On Friday 11 Jun 2021 at 08:59:25 (+0000), Quentin Perret wrote:
> On Thursday 10 Jun 2021 at 21:15:45 (+0200), Peter Zijlstra wrote:
> > On Thu, Jun 10, 2021 at 03:13:05PM +0000, Quentin Perret wrote:
> > > SCHED_FLAG_KEEP_PARAMS can be passed to sched_setattr to specify that
> > > the call must not touch scheduling parameters (nice or priority). This
> > > is particularly handy for uclamp when used in conjunction with
> > > SCHED_FLAG_KEEP_POLICY as that allows to issue a syscall that only
> > > impacts uclamp values.
> > >
> > > However, sched_setattr always checks whether the priorities and nice
> > > values passed in sched_attr are valid first, even if those never get
> > > used down the line.

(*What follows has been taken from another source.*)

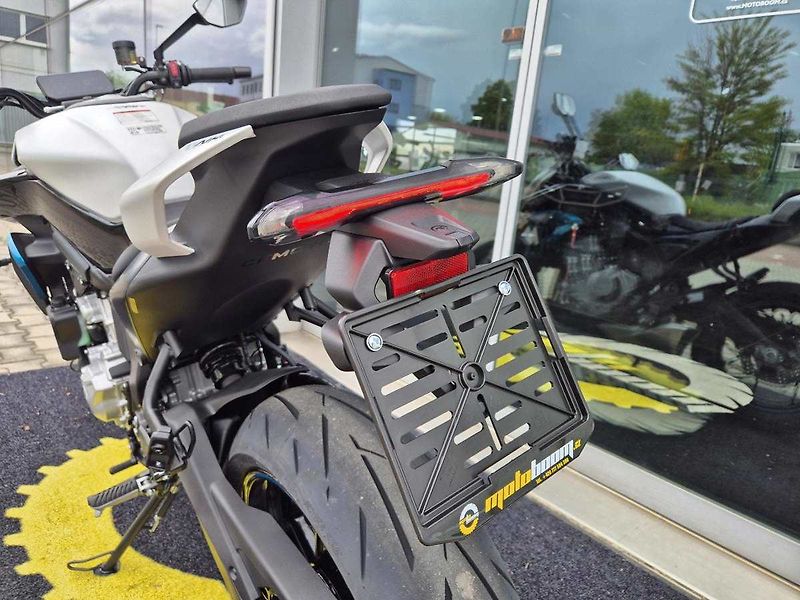 CFMOTO (2026) 675 NK - SKLADEM - fotka 34 z 59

This is useless at best since userspace can
> > > trivially bypass this check to set the uclamp values by specifying low
> > > priorities. However, it is cumbersome to do so as there is no single
> > > expression of this that skips both RT and CFS checks at once. As such,
> > > userspace needs to query the task policy first with e.g. sched_getattr
> > > and then set sched_attr.sched_priority accordingly. This is racy and
> > > slower than a single call.
> > >
> > > As the priority and nice checks are useless when SCHED_FLAG_KEEP_PARAMS
> > > is specified, simply inherit them in this case to match the policy
> > > inheritance of SCHED_FLAG_KEEP_POLICY.
> > >
> > > Reported-by: Wei Wang <[email protected]>
> > > Signed-off-by: Quentin Perret <[email protected]>
> > > ---
> > > kernel/sched/core.c | 4 ++++
> > > 1 file changed, 4 insertions(+)
> > >
> > > diff --git a/kernel/sched/core.c b/kernel/sched/core.c
> > > index 3b213402798e..1d4aedbbcf96 100644
> > > --- a/kernel/sched/core.c
> > > +++ b/kernel/sched/core.c
> > > @@ -6585,6 +6585,10 @@ SYSCALL_DEFINE3(sched_setattr, pid_t, pid, struct sched_attr __user *, uattr,
> > > rcu_read_unlock();
> > >
> > > if (likely(p)) {
> > > + if (attr.sched_flags & SCHED_FLAG_KEEP_PARAMS) {
> > > + attr.sched_priority = p->rt_priority;
> > > + attr.sched_nice = task_nice(p);
> > > + }
> > > retval = sched_setattr(p, &attr);
> > > put_task_struct(p);
> > > }
> >
> > I don't like this much... afaict the KEEP_PARAMS clause in
> > __setscheduler() also covers the DL params, and you 'forgot' to copy
> > those.
> >
> > Can't we short circuit the validation logic?
>
> I think we can but I didn't like the look of it, because we end up
> sprinkling checks all over the place. KEEP_PARAMS doesn't imply
> KEEP_POLICY IIUC, and the policy and params checks are all mixed up.
>
> But maybe that wants fixing too? I guess it could make sense to switch
> policies without touching the params in some cases (e.g switching
> between FIFO and RR, or BATCH and NORMAL), but I'm not sure what that
> would mean for cross-sched_class transitions.

Aha, policy transitions are actually blocked in __setscheduler if
KEEP_PARAMS is set, so KEEP_PARAMS does imply KEEP_POLICY. So skipping
the checks might not be too bad, I'll have a go at it.